Il est également important de déclarer un moratoire sur la production des matières fissiles pour les armes, et de démanteler les installations de production de ces matières, ainsi que les sites d’essai nucléaire. Toute chose, là aussi, que la France invite une nouvelle fois tous les pays disposant de l’arme nucléaire à faire eux aussi.
Enfin l’outil diplomatique de la France, la politique étrangère de la France, restent pleinement mobilisés en faveur du désarmement et c’est particulièrement vrai à quelques semaines de la conférence d’examen du traité de non-prolifération. Notre première priorité, dans le cadre de cette discussion, demeure l’entrée en vigueur au plus tôt du traité d’interdiction complète des essais nucléaires. Je le dis d’autant plus aisément que la France a fait la démonstration que la renonciation complète, irréversible aux essais nucléaires était compatible avec le maintien d’une dissuasion crédible. Et ce message doit être porté auprès de tous nos partenaires.
Notre seconde priorité, c’est l’arrêt définitif de production de matières fissiles pour les armes. Cela fait des années qu’on en parle, mais la négociation n’a pas pu encore démarrer, faute d’accord des principaux États concernés. Et c’est pourquoi j’appelle aujourd’hui tous les pays dotés de l’arme nucléaire à engager sans attendre cette discussion sur l’arrêt total de la production de matières fissiles. Et la France proposera dans les semaines à venir un projet de traité ambitieux, réaliste et vérifiable, sur ces questions.

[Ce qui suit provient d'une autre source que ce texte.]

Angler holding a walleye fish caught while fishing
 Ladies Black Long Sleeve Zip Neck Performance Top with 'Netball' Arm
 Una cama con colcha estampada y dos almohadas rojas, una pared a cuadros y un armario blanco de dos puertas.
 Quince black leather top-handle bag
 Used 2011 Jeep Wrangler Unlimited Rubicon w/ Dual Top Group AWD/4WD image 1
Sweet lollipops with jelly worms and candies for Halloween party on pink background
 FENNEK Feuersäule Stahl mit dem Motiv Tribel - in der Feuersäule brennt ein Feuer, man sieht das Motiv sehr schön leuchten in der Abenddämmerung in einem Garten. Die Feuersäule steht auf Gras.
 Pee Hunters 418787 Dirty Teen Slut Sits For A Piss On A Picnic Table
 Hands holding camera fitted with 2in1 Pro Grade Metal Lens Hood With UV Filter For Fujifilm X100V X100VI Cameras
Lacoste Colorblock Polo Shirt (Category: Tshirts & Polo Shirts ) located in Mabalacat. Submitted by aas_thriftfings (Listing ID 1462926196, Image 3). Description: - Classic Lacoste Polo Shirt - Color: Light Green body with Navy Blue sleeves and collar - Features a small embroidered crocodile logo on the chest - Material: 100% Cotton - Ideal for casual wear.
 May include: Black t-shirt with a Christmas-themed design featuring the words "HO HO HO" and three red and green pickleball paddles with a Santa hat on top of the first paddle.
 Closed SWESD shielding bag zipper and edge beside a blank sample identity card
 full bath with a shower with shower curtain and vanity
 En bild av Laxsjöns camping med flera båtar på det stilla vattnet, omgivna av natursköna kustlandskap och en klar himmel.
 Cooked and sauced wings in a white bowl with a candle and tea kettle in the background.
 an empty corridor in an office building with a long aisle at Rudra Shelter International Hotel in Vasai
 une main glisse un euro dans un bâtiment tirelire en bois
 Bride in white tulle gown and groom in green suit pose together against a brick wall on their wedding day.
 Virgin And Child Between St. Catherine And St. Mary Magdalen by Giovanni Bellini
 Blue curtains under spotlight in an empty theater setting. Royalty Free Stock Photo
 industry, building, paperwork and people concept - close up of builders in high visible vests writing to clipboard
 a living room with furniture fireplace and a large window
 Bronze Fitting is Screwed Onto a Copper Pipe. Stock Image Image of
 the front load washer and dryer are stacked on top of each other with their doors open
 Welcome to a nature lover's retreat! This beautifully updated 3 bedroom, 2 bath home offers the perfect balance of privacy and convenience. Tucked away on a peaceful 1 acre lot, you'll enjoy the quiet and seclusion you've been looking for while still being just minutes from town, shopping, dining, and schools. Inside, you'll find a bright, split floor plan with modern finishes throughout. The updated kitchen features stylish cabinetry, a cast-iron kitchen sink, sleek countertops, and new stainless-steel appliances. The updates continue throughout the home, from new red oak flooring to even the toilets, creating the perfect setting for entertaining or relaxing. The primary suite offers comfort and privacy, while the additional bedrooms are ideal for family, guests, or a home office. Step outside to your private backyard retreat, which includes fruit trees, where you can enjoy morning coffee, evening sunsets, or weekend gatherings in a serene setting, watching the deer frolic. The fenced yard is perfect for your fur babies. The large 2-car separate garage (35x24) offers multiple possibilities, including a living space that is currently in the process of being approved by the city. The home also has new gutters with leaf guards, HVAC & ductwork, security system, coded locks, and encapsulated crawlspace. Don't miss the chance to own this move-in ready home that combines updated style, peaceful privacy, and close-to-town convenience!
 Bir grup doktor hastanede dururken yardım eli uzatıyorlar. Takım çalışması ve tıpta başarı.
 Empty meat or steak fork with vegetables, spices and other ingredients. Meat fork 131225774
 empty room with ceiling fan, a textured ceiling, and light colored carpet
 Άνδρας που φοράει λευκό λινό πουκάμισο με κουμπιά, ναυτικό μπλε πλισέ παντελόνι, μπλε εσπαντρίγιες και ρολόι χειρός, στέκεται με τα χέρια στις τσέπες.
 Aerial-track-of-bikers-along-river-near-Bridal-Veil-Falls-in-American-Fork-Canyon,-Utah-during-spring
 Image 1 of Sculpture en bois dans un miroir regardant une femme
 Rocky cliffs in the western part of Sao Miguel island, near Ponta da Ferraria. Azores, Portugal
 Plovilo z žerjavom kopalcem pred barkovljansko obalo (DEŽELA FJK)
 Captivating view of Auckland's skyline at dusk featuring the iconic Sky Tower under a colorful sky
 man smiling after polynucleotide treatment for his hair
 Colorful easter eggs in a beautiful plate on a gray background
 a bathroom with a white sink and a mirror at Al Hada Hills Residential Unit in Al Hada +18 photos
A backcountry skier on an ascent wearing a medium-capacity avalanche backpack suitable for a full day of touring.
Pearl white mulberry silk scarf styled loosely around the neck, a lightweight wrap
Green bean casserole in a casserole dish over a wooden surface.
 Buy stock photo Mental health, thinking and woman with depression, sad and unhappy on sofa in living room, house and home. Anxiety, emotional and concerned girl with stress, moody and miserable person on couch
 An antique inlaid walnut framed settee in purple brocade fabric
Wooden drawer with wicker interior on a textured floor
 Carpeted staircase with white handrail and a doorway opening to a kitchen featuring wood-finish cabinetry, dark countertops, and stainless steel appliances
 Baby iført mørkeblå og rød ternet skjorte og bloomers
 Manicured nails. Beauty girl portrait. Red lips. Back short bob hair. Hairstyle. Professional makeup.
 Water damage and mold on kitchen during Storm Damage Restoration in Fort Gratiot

Je tenais à venir ici à Istres pour faire cet exercice de vérité, de transparence, et en même temps, de reconnaissance de ce qu’est la force de dissuasion pour notre pays. Pour réaffirmer l’enjeu fondamental qu’elle représente, cette dissuasion nucléaire, pour la sécurité de la France. Elle n’est pas toute la politique de défense. Elle est complémentaire de ce que nous avons à poursuivre dans tous les domaines pour assurer la protection de notre territoire, pour mener des opérations extérieures, pour assurer la promotion de ce que nous représentons, et également pour lutter contre le terrorisme, où qu’il se situe.
La crédibilité de la force de dissuasion réclame une rigueur et un professionnalisme, j’allais dire hors du commun, et c’est ce dont vous faites preuve, parce que vous avez poussé jusqu’à la perfection, dans les entraînements spécifiques que vous effectuez, cette exigence de haute qualité, de savoir-faire et de maniement des technologies les plus sensibles. Et c’est la raison pour laquelle devant vous, je veux vous exprimer toute la confiance de notre pays. C’est toute notre nation qui sait ce qu’elle vous doit, qui sait ce qu’elle doit à la Force de dissuasion, qui témoigne ainsi, de sa reconnaissance. Car ce que vous faites, ce que la Force de dissuasion permet, c’est d’assurer à une nation, à la France, à votre pays, ce qu’il y a de plus cher, de plus précieux, de plus essentiel, c’est-à-dire son indépendance. Et il n’y a pas d’indépendance s’il n’y a pas de liberté pour choisir son destin. La force de dissuasion, c’est ce qui nous permet d’avoir la capacité de vivre libres et de pouvoir, partout dans le monde, porter notre message, sans rien craindre, sans rien redouter, parce que nous sommes sûrs de la capacité que nous avons à nous défendre.
Indépendance, liberté, capacité à faire prévaloir nos valeurs, voilà pourquoi nous devons chaque jour, assurer la permanence de la dissuasion nucléaire et être capables, à chaque instant, d’en améliorer encore l’organisation, le fonctionnement et les armes.
Vive la République et Vive la France.